The invention relates to a method of disrupting cells grown in culture using counter-jet streams operating at low pressure to produce a disruptive shear in a liquid that is intense enough to disrupt the cells but not intense enough to destroy their contents.

BACKGROUND OF THE INVENTION

The basis of many biotechnological and fermentation processes is to grow a large number of cells in a bioreactor and then disrupt them to release the desired products. Cell disruption can be achieved by mechanical, chemical, biological or physical means. In many protocols, mechanical disruption is preferred because it is highly desirable to eliminate the need for additional reagents (detergents, enzymes, or agents affecting osmotic pressure) and to avoid the scale-up of physical methods such as freezing / melting.
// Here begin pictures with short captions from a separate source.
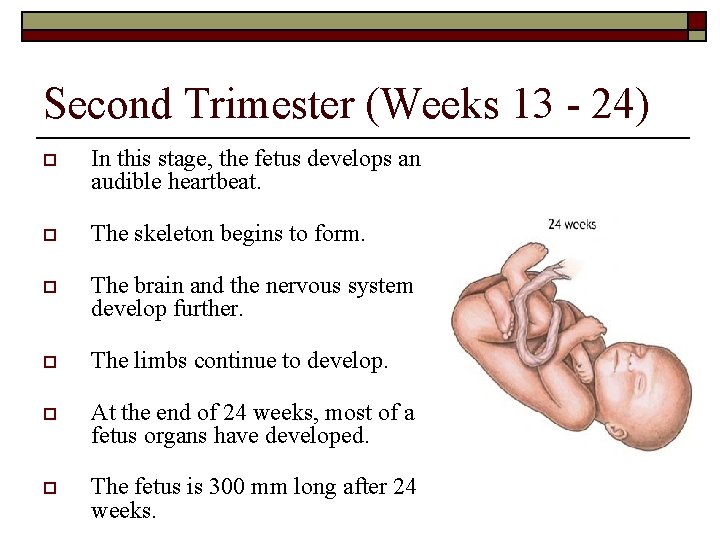 Second Trimester (Weeks 13 - 24) o In this stage, the fetus develops an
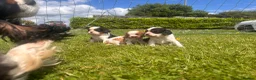Cavalier King Charles Spaniel dogs for sale: King Charles Cavalier pups  - Advert 6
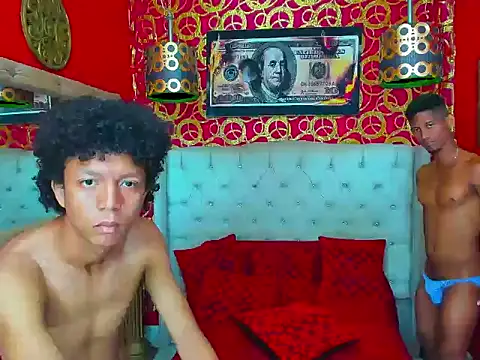 PEINBOYS webcam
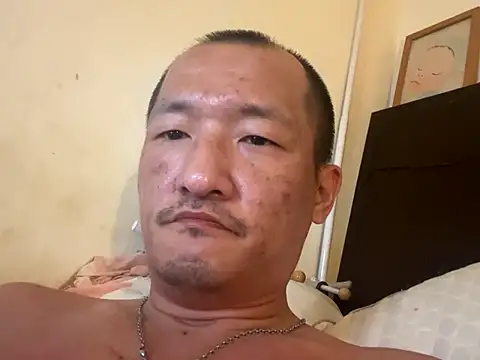 vice0818 webcam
A large number of mechanical methods have been developed to disrupt microorganisms. These methods typically rely on shear forces in the liquid and / or compression to achieve cell wall and membrane rupture. However, they use microorganisms for all biotechnological and fermentation processes. Often, animal cells are a suitable optional host. Since animal cells are larger and have a more fragile membrane, much less energy is required to effect the desired cell disruption. Many commercial systems designed for use in bacteria are not suitable for use in animal cells.

Rotor / stator devices that can be used to disrupt animal cells have a cylindrical rotor that rotates at a high speed concentrically within the stator. These devices create a steep velocity gradient in the annular region creating sufficient shear stress in the liquid to

-2cell disruption. A similar device called Chaikoff Press has a cylinder and piston with a slightly smaller diameter. The movement of the piston creates high shear forces in the liquid within the annular space, causing cell disruption. This type of device is also referred to as a "douncer" and has been used to disrupt varicella-infected diploid MRC-5 lung cells. However, these methods are applicable on a laboratory scale and cannot be scaled up for industrial scale production.
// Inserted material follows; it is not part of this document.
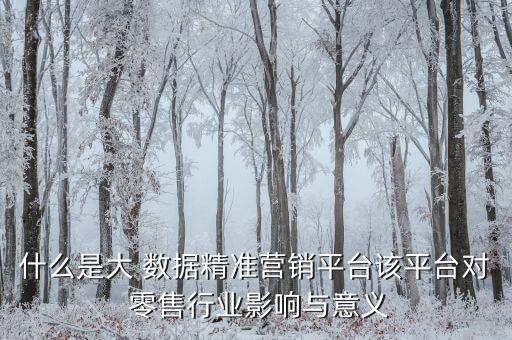 什么是大 數(shù)據(jù)精準(zhǔn)營(yíng)銷平臺(tái)該平臺(tái)對(duì) 零售行業(yè)影響與意義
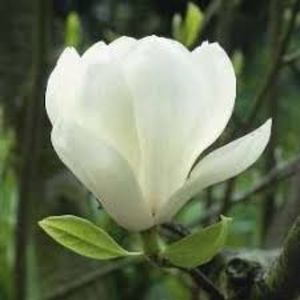 images - magnolie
Ultrasound or sonication disrupts cells by creating high shear stress regions in the liquid during the cavitation process. Oscillation of acoustic wines (ξ 20 kHz) creates pressure drops in the liquid. The vapor bubbles formed in the low-pressure area upon entering the high-pressure area cease to form high-energy shock wines. Since the shock waves move radially from the point of initial cavitation, high shear forces as well as heat are generated when the energy is absorbed by the liquid.
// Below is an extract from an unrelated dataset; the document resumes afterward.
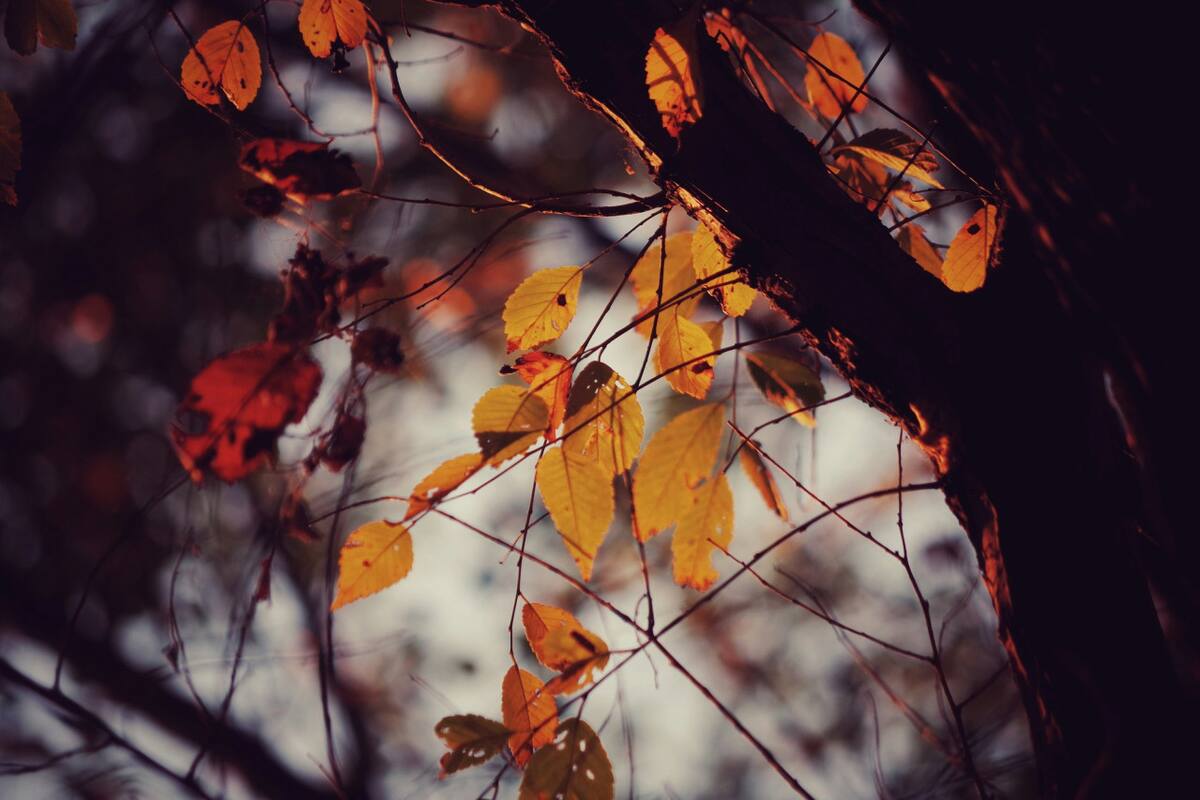Otoño. Foto Unsplash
A device using continuous flow sonication was used to disrupt the varicella virus containing MRC-5 diploid lung cells. The area in close proximity to the shock wave has sufficient energy to destroy the infectivity of the varicella. Therefore, the level of virus infectious loss depends on the number of nucleation sites created per unit volume of liquid that are associated with energy input into the liquid. However, the continuous sonication process also results in a temperature increase of 5-10 ° C in the treated liquid, which increases the rate of virus degradation. The amount of sonicated energy input to increase titers may be reduced after sonication; however, a smaller number of disrupted cells leads to greater losses on clarifying filters. There is an optimal ratio between the loss of titer due to sonication and the degree of cell disruption required for high titers after clarification.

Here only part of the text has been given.